## Dataset content

----------------------------------------

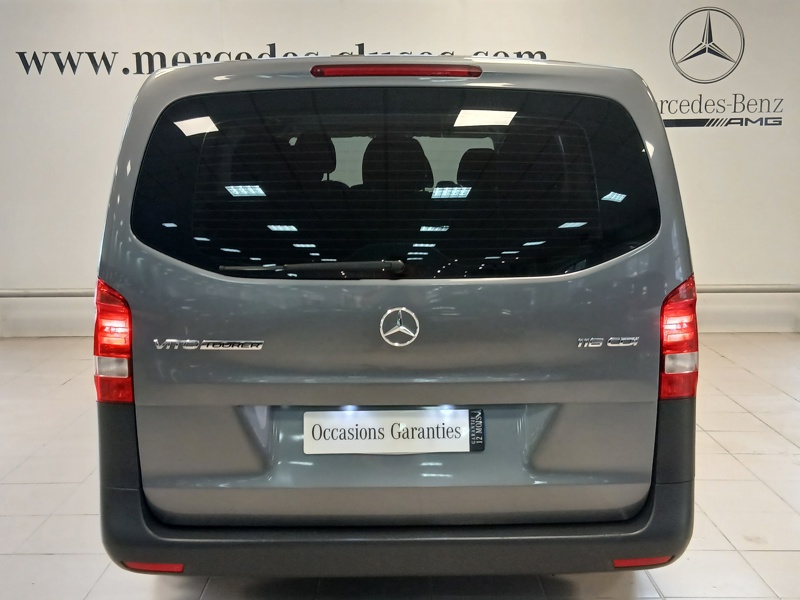 Image Mercedes-Benz VITO 116 CDI Tourer PRO Long  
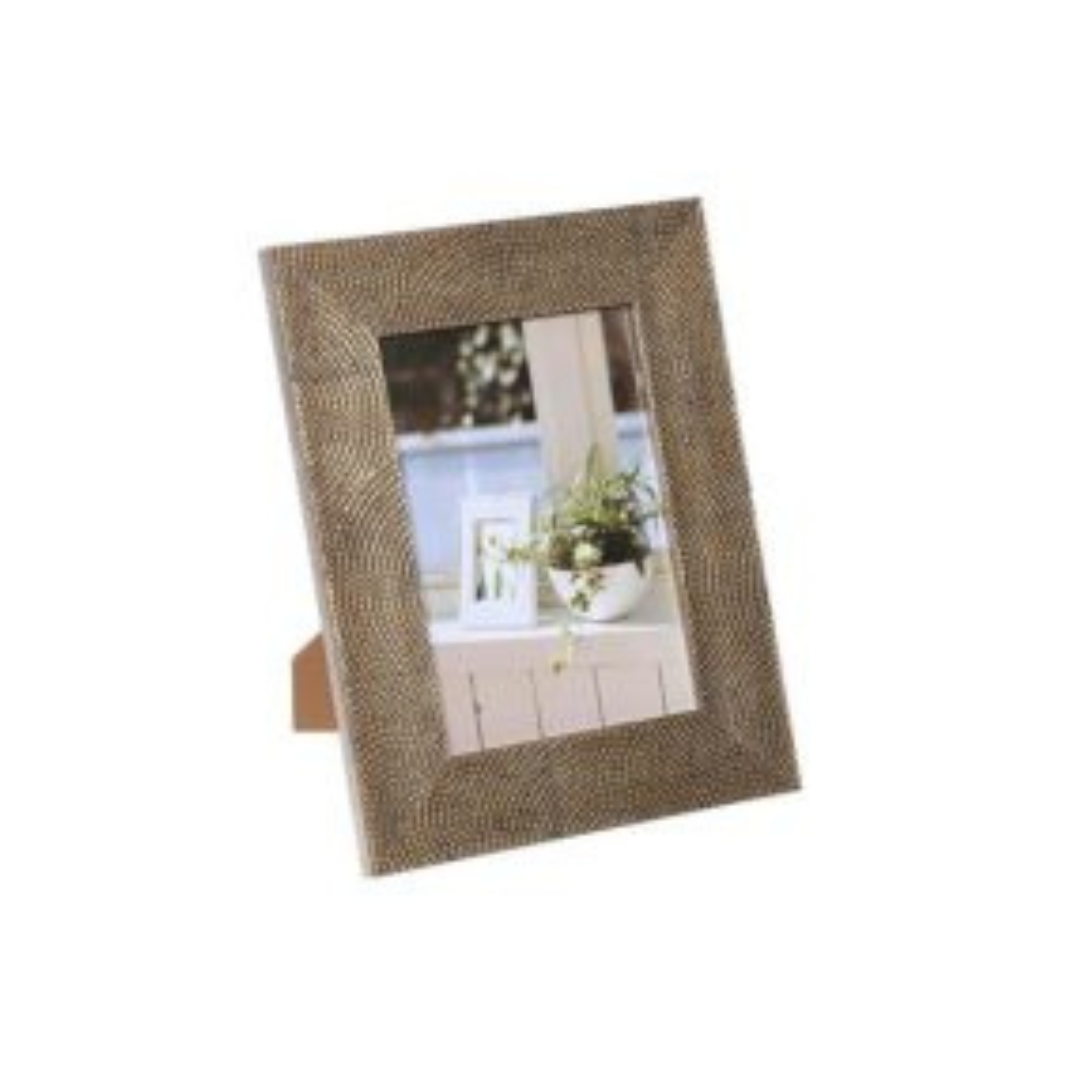 Mackenzie Gold Photo Frame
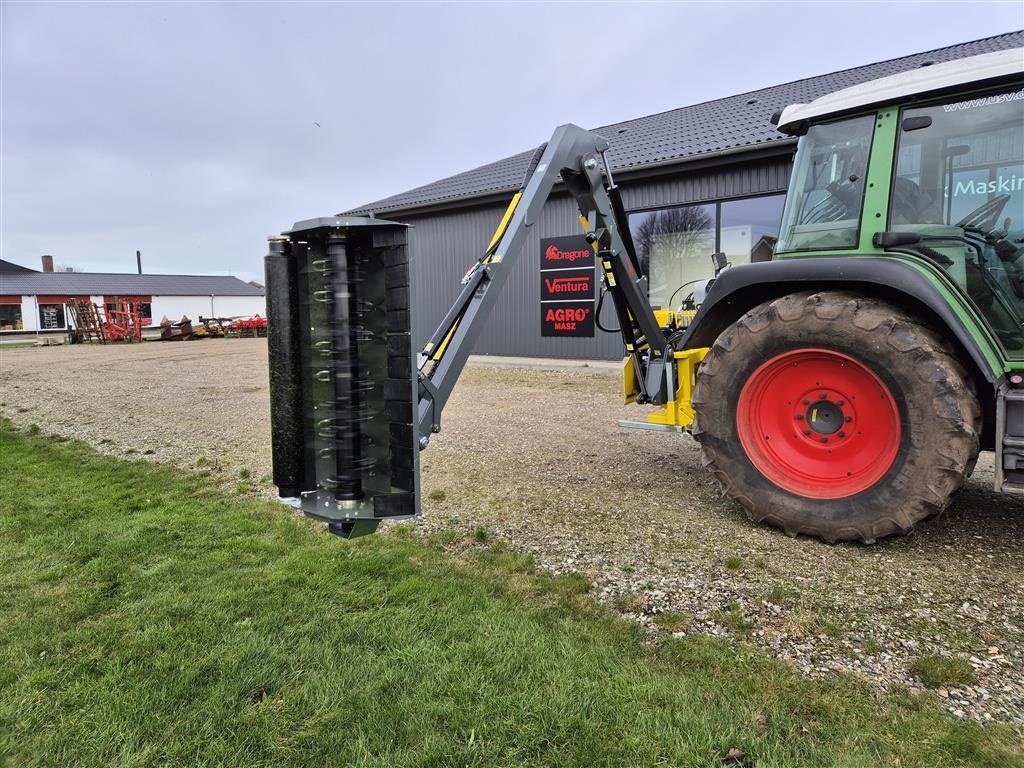 Sonstiges от тип DRAGONE CH-D 5000, Gebrauchtmaschine в Skærbæk (Снимка 3)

----------------------------------------

## What the task requires
Everything in the material except the pictures should be restated word for word.

## Result
 Image Mercedes-Benz VITO 116 CDI Tourer PRO Long  
 Mackenzie Gold Photo Frame
 Sonstiges от тип DRAGONE CH-D 5000, Gebrauchtmaschine в Skærbæk (Снимка 3)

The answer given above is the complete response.